Mortgages: Vetting the Lender

Ferreting out good information is not that easy. For one thing, different kinds of lenders are held to different rules, licenses and disclosure requirements. Some states, like New York and New Jersey, require mortgage brokers to complete criminal background checks through the state police.

Jack Guttentag, who runs an advice site called the Mortgage Professor and has retired as a business professor at the University of Pennsylvania Wharton School, likens choosing a lender to picking wild mushrooms. “You don’t go out by learning to identify all the bad ones,” he said. “You identify some good ones, and you go and pick those.” But, he added, “some lenders are not so great, and they have some really good loan officers.”

Which may be why he and other industry experts suggest that borrowers focus more on the individual who would be their mortgage broker, loan officer or loan originator. Among the questions borrowers should be asking them: How long have they been in the field? How well or promptly do they answer questions? Do they want to know the borrower’s financial goals? A look at their work experience and background on their LinkedIn profile may also be helpful.

Good mortgage brokers are forthcoming about their backgrounds, Mr. Guttentag wrote in a blog post; they are good listeners, and helpful with personal-finance questions.

As you search, decide what traits are important to you about a lender; size might be one factor. Think, too, about whether a blemish on a firm’s record, say a large number of foreclosures or a class-action lawsuit settled three years ago, will dissuade you from cultivating a helpful relationship. Those may have made headlines, or they may require digging into the footnotes of the company’s annual report or searching the state banking department Web site. If a lender is publicly traded, you can read about its finances on the Securities and Exchange Commission’s Web site. (Look for the 10-K form.)

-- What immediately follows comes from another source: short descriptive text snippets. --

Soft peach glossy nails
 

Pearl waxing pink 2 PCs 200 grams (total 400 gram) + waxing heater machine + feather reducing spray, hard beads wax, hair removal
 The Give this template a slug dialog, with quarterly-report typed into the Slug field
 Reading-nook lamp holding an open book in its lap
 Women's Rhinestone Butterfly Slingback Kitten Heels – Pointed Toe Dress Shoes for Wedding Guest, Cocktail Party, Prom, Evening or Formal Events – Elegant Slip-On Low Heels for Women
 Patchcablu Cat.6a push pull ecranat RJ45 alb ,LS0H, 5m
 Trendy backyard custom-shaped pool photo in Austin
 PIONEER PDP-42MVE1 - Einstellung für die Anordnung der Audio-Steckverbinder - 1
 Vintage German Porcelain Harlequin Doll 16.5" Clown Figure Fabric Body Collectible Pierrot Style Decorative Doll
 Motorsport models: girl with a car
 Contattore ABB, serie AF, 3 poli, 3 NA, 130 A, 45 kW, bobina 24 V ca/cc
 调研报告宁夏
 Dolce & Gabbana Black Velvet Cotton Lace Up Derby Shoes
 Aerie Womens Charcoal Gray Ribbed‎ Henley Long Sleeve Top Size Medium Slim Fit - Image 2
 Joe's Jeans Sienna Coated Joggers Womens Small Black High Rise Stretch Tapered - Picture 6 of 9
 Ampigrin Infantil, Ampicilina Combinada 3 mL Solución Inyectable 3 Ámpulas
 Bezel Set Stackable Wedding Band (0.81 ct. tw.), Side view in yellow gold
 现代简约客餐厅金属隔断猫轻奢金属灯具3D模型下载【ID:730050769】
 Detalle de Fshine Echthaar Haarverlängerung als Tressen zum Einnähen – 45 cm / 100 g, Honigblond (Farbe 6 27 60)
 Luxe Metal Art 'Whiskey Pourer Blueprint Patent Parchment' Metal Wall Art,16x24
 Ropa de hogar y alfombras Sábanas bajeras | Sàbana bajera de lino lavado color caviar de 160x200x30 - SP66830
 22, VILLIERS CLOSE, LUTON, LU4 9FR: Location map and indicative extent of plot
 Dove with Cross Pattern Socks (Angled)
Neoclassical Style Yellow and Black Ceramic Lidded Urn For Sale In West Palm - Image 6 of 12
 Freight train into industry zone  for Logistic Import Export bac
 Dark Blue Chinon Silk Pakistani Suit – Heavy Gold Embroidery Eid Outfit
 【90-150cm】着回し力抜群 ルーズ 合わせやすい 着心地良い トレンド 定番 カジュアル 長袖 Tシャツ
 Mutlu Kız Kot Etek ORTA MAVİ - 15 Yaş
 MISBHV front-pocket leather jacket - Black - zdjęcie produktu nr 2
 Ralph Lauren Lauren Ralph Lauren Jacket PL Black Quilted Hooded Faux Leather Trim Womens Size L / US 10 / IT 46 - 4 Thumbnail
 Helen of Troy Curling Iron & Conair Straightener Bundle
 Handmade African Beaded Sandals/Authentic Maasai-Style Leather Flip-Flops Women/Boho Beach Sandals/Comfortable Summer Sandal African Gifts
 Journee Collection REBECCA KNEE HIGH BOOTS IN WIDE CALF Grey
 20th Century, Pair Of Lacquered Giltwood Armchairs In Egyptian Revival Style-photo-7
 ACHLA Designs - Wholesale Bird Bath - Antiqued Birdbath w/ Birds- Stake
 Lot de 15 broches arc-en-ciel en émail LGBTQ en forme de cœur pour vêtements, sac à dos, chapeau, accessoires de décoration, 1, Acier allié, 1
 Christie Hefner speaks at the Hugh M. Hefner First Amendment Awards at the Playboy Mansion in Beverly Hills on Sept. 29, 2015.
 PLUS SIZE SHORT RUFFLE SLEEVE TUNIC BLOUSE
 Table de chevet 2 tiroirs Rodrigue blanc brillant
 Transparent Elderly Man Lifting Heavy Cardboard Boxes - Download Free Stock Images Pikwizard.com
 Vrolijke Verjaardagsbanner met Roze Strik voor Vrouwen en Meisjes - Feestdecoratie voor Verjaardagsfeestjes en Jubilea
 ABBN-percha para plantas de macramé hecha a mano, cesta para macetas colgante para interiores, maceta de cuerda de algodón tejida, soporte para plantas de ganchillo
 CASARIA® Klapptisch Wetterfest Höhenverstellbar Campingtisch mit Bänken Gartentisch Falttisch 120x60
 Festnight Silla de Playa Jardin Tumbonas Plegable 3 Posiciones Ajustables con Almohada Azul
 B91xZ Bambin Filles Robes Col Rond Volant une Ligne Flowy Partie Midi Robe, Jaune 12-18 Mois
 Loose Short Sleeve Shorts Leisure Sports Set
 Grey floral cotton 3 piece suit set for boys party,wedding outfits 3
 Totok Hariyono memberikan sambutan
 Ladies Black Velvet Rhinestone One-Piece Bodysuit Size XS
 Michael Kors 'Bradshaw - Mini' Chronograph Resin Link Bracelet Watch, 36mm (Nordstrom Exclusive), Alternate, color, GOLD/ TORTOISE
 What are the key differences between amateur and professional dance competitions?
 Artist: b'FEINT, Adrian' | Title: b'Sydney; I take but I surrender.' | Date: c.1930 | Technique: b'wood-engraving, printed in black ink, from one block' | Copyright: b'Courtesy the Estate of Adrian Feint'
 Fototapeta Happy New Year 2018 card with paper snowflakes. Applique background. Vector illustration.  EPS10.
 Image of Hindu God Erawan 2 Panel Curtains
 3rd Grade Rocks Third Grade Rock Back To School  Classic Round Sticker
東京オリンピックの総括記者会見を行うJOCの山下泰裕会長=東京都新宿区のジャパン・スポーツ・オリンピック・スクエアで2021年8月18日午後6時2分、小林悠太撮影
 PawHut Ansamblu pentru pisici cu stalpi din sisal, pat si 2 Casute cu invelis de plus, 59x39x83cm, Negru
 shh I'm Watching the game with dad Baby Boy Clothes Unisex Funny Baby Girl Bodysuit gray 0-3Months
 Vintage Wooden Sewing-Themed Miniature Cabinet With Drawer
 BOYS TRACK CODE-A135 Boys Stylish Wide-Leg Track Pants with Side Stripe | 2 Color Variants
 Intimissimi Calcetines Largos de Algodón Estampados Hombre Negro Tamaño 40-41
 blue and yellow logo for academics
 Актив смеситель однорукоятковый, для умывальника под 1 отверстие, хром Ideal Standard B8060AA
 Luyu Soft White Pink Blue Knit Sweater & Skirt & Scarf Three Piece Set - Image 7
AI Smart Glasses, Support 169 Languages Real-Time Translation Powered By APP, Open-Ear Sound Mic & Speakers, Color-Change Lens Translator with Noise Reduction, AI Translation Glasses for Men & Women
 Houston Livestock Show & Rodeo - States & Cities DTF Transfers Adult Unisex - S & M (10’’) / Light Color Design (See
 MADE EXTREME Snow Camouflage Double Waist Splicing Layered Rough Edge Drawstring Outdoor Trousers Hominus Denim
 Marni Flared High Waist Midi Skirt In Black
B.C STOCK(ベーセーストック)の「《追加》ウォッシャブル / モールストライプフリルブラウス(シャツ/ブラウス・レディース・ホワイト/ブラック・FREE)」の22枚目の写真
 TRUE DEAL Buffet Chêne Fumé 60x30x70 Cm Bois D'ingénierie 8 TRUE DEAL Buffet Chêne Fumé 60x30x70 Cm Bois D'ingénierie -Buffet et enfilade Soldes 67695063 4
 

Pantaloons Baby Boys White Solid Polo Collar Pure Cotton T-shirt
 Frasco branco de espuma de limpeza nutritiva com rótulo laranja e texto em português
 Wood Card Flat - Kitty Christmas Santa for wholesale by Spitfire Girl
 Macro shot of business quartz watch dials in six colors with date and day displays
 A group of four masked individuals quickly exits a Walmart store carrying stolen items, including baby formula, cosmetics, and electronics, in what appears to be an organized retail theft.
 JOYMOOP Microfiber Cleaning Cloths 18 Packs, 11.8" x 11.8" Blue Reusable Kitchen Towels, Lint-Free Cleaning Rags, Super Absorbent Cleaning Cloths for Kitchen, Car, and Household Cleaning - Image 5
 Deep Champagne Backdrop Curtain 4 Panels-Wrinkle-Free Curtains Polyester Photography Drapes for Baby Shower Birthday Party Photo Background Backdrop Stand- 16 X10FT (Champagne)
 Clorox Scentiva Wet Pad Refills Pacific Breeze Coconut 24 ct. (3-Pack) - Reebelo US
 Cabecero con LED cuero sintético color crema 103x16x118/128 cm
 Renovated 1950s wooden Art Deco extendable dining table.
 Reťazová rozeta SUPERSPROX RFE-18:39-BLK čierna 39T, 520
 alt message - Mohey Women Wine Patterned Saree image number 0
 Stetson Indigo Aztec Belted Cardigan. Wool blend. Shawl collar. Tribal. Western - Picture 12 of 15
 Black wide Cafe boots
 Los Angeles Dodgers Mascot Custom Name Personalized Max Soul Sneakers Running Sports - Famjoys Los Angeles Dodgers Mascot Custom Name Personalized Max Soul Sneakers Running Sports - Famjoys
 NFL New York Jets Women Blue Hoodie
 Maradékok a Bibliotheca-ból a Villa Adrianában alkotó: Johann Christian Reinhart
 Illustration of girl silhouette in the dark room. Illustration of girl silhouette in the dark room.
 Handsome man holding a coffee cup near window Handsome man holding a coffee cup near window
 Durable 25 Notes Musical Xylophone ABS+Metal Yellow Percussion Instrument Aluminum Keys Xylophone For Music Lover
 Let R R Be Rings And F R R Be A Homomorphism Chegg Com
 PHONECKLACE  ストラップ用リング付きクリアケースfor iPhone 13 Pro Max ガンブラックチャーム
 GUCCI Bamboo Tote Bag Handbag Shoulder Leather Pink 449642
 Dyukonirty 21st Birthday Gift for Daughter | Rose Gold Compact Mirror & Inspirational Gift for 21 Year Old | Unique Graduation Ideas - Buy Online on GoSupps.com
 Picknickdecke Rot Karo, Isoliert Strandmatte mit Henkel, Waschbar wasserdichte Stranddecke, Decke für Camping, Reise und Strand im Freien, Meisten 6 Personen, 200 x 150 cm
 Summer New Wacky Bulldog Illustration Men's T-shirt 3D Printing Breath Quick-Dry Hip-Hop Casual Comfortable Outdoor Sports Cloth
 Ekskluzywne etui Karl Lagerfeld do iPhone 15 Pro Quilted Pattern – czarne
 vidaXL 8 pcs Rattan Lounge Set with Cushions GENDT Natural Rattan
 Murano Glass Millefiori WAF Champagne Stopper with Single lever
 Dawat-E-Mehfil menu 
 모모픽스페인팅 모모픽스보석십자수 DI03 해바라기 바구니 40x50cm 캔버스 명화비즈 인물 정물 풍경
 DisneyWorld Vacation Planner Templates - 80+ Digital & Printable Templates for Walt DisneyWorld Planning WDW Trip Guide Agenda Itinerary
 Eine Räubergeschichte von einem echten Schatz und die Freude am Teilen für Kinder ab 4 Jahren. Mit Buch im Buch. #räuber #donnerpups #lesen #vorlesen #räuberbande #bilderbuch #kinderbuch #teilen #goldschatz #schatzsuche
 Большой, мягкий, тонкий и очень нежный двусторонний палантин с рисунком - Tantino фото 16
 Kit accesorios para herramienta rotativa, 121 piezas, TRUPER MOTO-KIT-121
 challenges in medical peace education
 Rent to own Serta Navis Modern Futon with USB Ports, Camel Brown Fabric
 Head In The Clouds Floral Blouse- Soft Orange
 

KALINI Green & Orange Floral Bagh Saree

Other governmental and quasi-governmental sites may be helpful. The National Mortgage Licensing System has a consumer access site that allows visitors to check the backgrounds of mortgage professionals. The Federal Deposit Insurance Corporation site has a worksheet to help consumers compare lender policies. 

But Mr. Guttentag says you can’t always rely on recommendations on review sites or mortgage listings sites. These can be paid for or written by friends of the mortgage lender, he said, adding that the same holds true for complaint sites, which are often created with a particular business as a target.

Another problem with the complaint sites, he said, is that larger companies often draw more complaints simply because of the large volume of business they do. “In many cases they’re not justified,” he said.

On independent consumer sites like Upfront Mortgage Brokers Association, which Mr. Guttentag helped create, the lenders have been vetted or have agreed to some standards and fair dealings. These can be helpful. So can your local Better Business Bureau site, which requires that its accredited businesses agree to  “eight standards for trust.”

You should also try to learn how your broker or banker is paid. Are fees collected from you and the bank making the loan?

Claire Rosenzweig, the president of the Better Business Bureau of Metropolitan New York, Hudson Valley and Long Island, says that if you want to be sure a broker is working entirely in your interest, sign a contract that names that person as your agent. Such an agreement isn’t the norm, but if you obtain one, she said, it requires the broker to put your interests first.